⟨
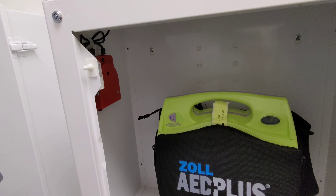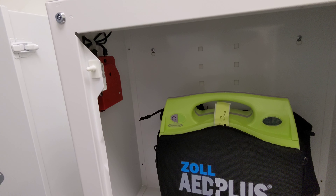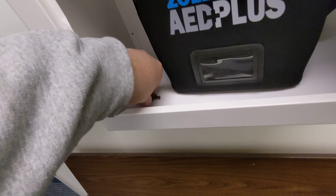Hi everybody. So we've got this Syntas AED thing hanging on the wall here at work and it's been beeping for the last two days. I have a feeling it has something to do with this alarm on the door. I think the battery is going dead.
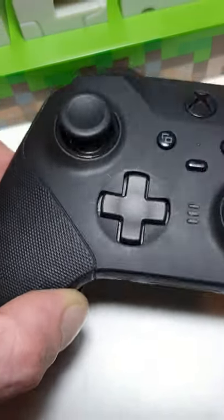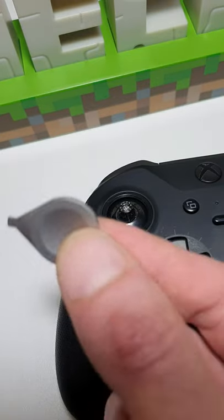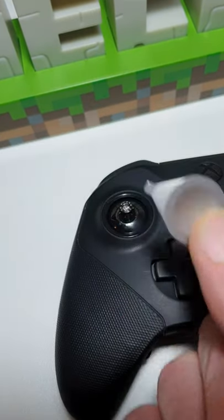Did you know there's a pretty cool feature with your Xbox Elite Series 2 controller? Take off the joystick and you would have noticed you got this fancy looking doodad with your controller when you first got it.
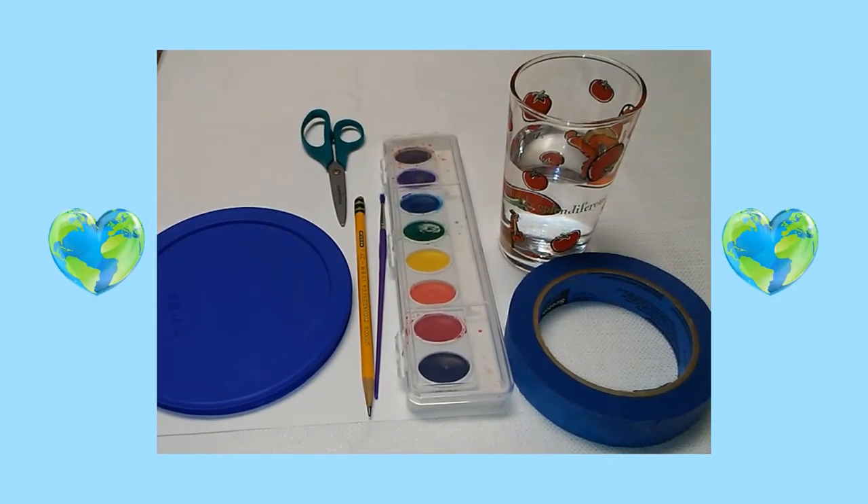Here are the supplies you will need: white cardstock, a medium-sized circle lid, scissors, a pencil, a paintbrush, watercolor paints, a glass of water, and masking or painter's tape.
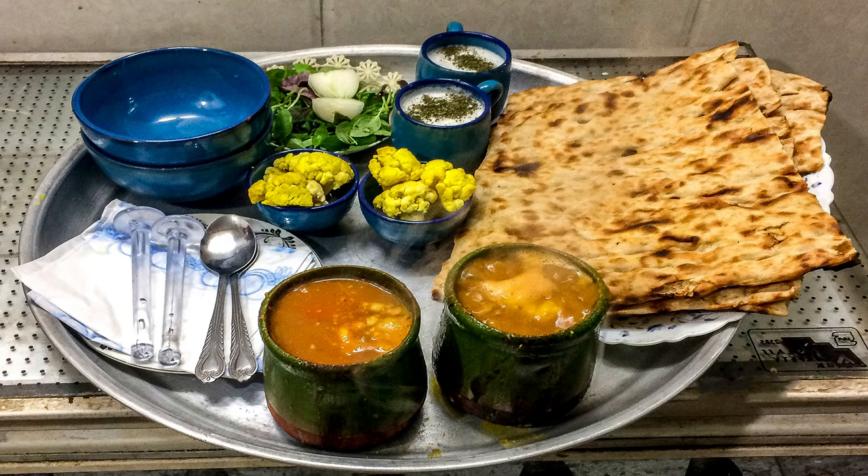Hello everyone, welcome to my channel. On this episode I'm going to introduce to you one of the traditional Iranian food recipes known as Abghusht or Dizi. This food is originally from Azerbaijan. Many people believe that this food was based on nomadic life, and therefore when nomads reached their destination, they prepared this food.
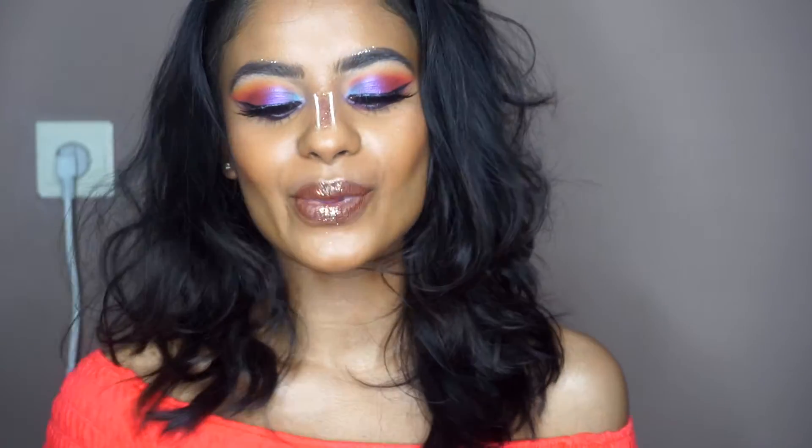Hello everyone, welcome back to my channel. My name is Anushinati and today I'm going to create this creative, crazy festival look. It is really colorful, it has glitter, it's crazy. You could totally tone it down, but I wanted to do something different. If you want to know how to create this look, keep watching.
⟩
Exclude the pictures and write out exactly the lines from the one holding "Hello everyone, welcome to" through the end of the entries, inclusive, and only those.

Hello everyone, welcome to my channel. On this episode I'm going to introduce to you one of the traditional Iranian food recipes known as Abghusht or Dizi. This food is originally from Azerbaijan. Many people believe that this food was based on nomadic life, and therefore when nomads reached their destination, they prepared this food.
Hello everyone, welcome back to my channel. My name is Anushinati and today I'm going to create this creative, crazy festival look. It is really colorful, it has glitter, it's crazy. You could totally tone it down, but I wanted to do something different. If you want to know how to create this look, keep watching.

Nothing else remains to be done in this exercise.